Four weeks ago, we were driving west over Emigrant Pass on I-80 on our 2nd, and final, U-Haul van trip, when I noticed (I was in my newish jeep, and MOH was in the U-Haul) that the mountains and valleys of the northern Basin and Range were rapidly becoming obscurred by dust.
In this first shot looking southwesterly from a relatively obscure point on Bobs Flat, down Bob Creek toward the Horseshoe Ranch near Beowawe, NV, our view has been dusted, making the visible hills and mountains appear vague, as if lost in a morning mist. The prominent hill in the central part of the photo is a subrange of the northern Shoshone Range, and the cliffy north-facing side of the subrange is officially known as Malpais, but is usually called the Malpais Rim.
The Malpais Rim, site of The Geysers near Beowawe, NV, — the geysers are, sadly, no longer geysing — is "one of several east-northeast-striking, fault-bounded cuestas in north central Nevada" (Eric Struhsacker, 1980). In the photo, the north-northwest facing scarp of the Malpais Rim is facing just a little away from us toward Whirlwind Valley, the flat area on the right side of the photo. Beyond Whirlwind Valley, a farther part of the northern Shoshone Range has an unusually vague outline. We can't see the Cortez Mountains in this dusty view; they are usually visible beyond the Malpais Rim.
Here's our general location (map and link from The National Map, courtesy U.S. Geological Survey). [Btw, all the maps shown here will look better when enlarged by clicking; maps from The National Map can be explored more fully by following the link provided.] Carlin is near the east edge of the map, just west of the U.S. 40 loop through Carlin Canyon (this fairly ancient AMS sheet for the area shows I-80 as partially built, and Highway 40 still in existence before the completion of the Carlin tunnels). Battle Mountain is not far off the west edge of the map.
Zooming in somewhat (map courtesy U.S.G.S. but downloaded from a different part of their website, we can see Bobs Flat, the flat area in the upper center of the map (Highway 40, rather than I-80, is shown on this old 15-minute map), and Beowawe, the tiny town, ghost town, and ranch area on S.R. 306 in the lower left of the map.
Zooming in even farther, we can now finally see the area of The Geysers and the Malpais Rim (The National Map link). I've outlined Beowawe and The Geysers in dark cyan.

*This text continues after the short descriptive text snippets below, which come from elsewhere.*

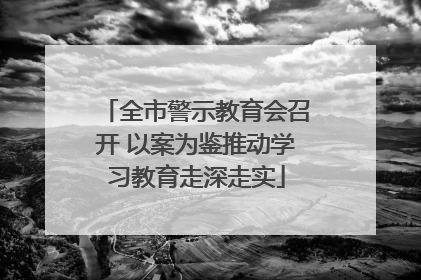 全市警示教育会召开 以案为鉴推动学习教育走深走实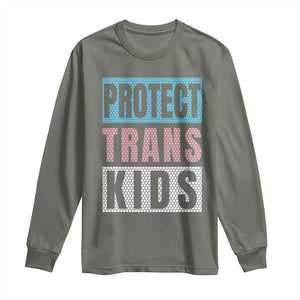 Protect Trans Kids Long Sleeve Shirt Transgender Pride Trans Rights Social Justice TS10 Military Green Print Your Wear
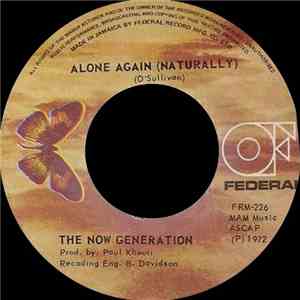 Now Generation, The - Alone Again (Naturally) / People Make The World Go Round mp3 album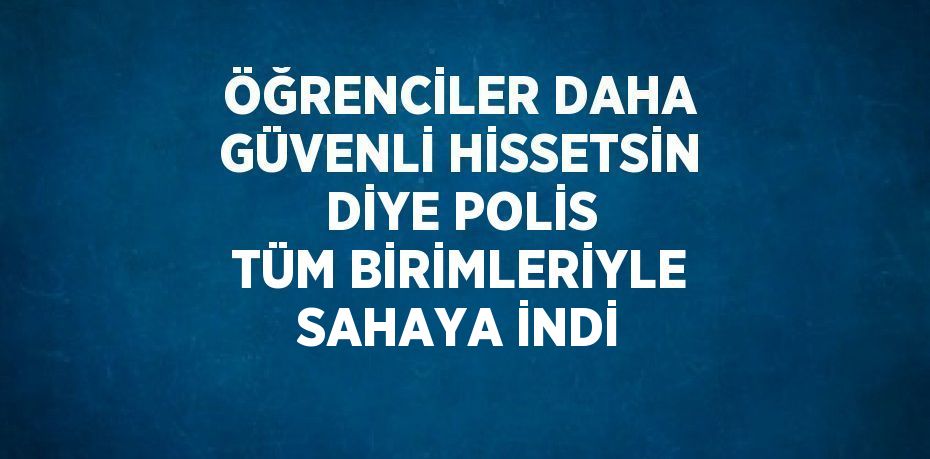 ÖĞRENCİLER DAHA GÜVENLİ HİSSETSİN DİYE POLİS TÜM BİRİMLERİYLE SAHAYA İNDİ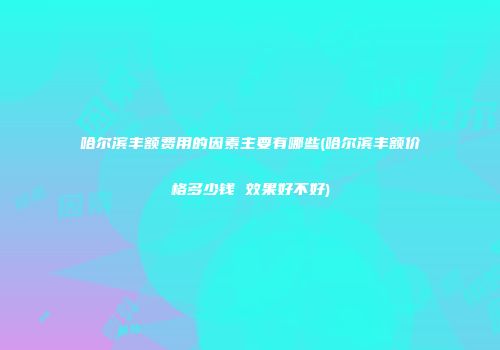 哈尔滨丰额费用的因素主要有哪些(哈尔滨丰额价格多少钱 效果好不好)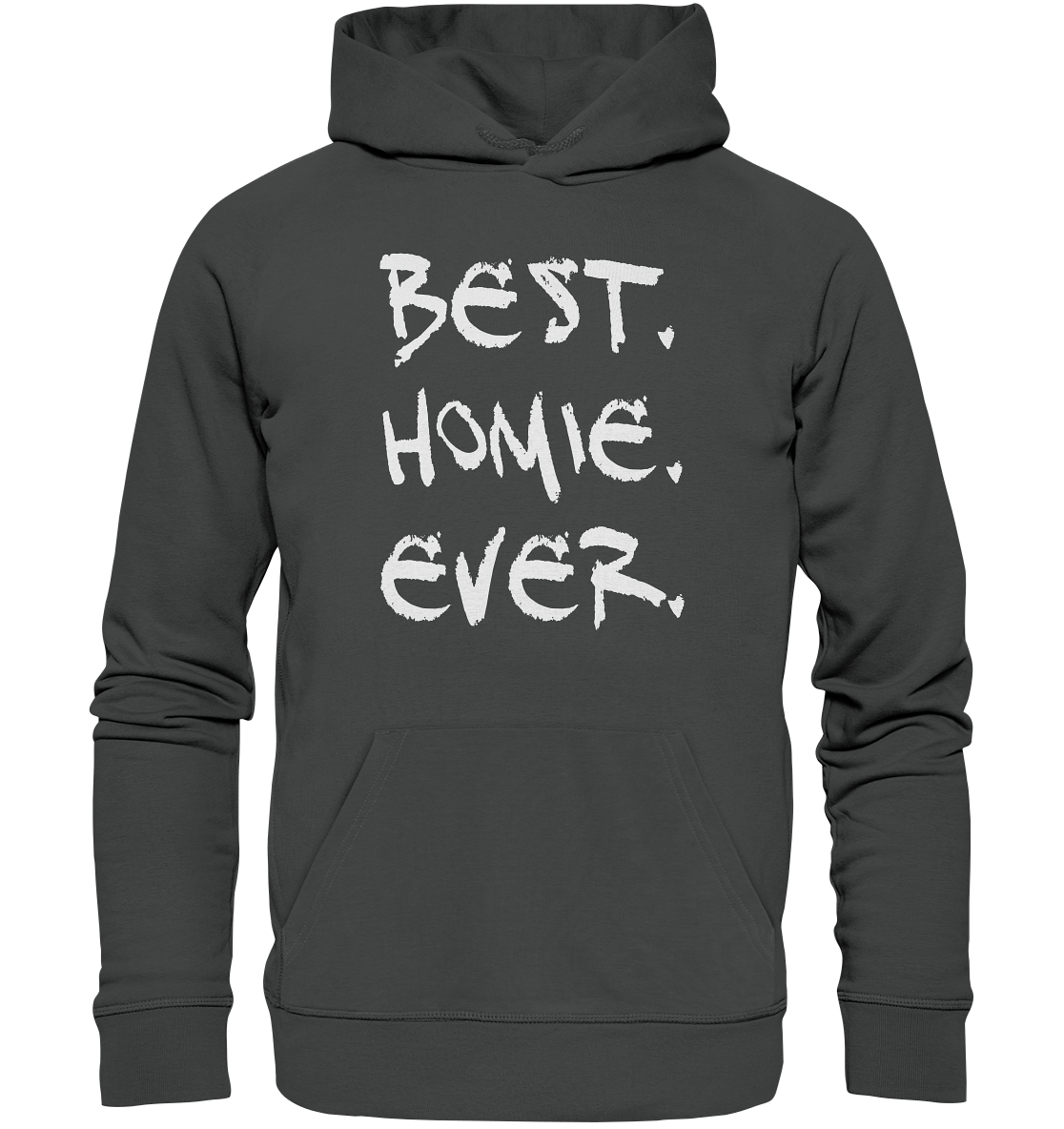 Best. Homie. Ever. - Organic Basic Hoodie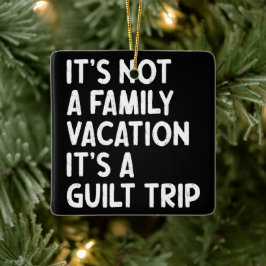 Ornamento De Cerâmica Férias Familiares É Uma Viagem Culpada Que Corresp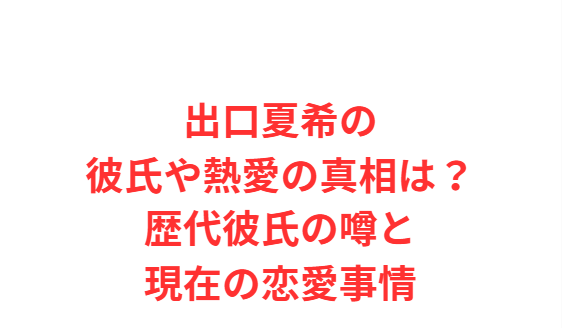 出口夏希の彼氏や熱愛の真相は？歴代彼氏の噂と現在の恋愛事情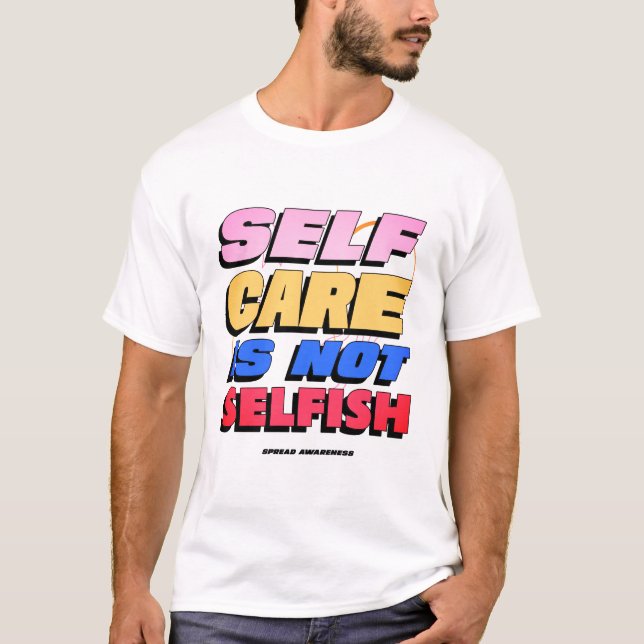 Self Care Is Not Selfish Mental Health Men's T-Shirt (Front)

A little farther down the west side of Emigrant Pass on the descent toward the Beowawe Rest Stop — which used to be a great place to see The Geysers before their feeder geothermal exploration wellheads were plugged for geothermal production — we see two subparallel slopes comining southeastward off the Argenta Rim in the northern Shoshone Range, in front of the closer and clearer hills east of Whirlwind Valley. These closer, unnamed hills — irregularly north trending — sit between Bobs Flat and the northeast end of Whirlwind Valley.
The Argenta Rim (skewed rectangle) is another east-northeast-trending subrange of the northern Shoshone Range, similar to the Malpais Rim (The National Map link).
Coming into Battle Mountain, I grabbed this shot of the north end of the Shoshone Range near the Betty O'Neal mine in the Lewis silver mining district, in hopes of showing an alluvial fan slope coming off the mountains toward the Reese River Valley, but that slope is barely visible in this grainy, overprocessed photo. Nevertheless, you see the dusty conditions. This dust, and the dust we first saw coming over Emigrant Pass, is coming all the way from the Carson and Humboldt Sinks, located about 100 miles southwest of Battle Mountain and about 120 miles southwest of Emigrant Pass.
Coming around the usually blustery turn at Button Point, I had this view of the southern part of the Santa Rosa Range, with Bloody Run Peak being the high point on the left (south). The high part of the Santa Rosa Range — to the north, and off the photo stage right — was being thoroughly dusted by winds coming off the Black Rock Desert, and was not visible from I-80.
Our next view to the west, of Winnemucca Mountain, meant our second and last U-Haul trip was nearing an end, except for the unloading that took one more day — and except for the unpacking that is still in progress. A few views from Winnemucca Mountain, including one of Bloody Run Peak, can be seen here.
Struhsacker, E.M., 1980, The geology of the Beowawe geothermal system, Eureka and Lander Counties, Nevada: University of Utah Research Institute, Rept. ESL-37, 78 p.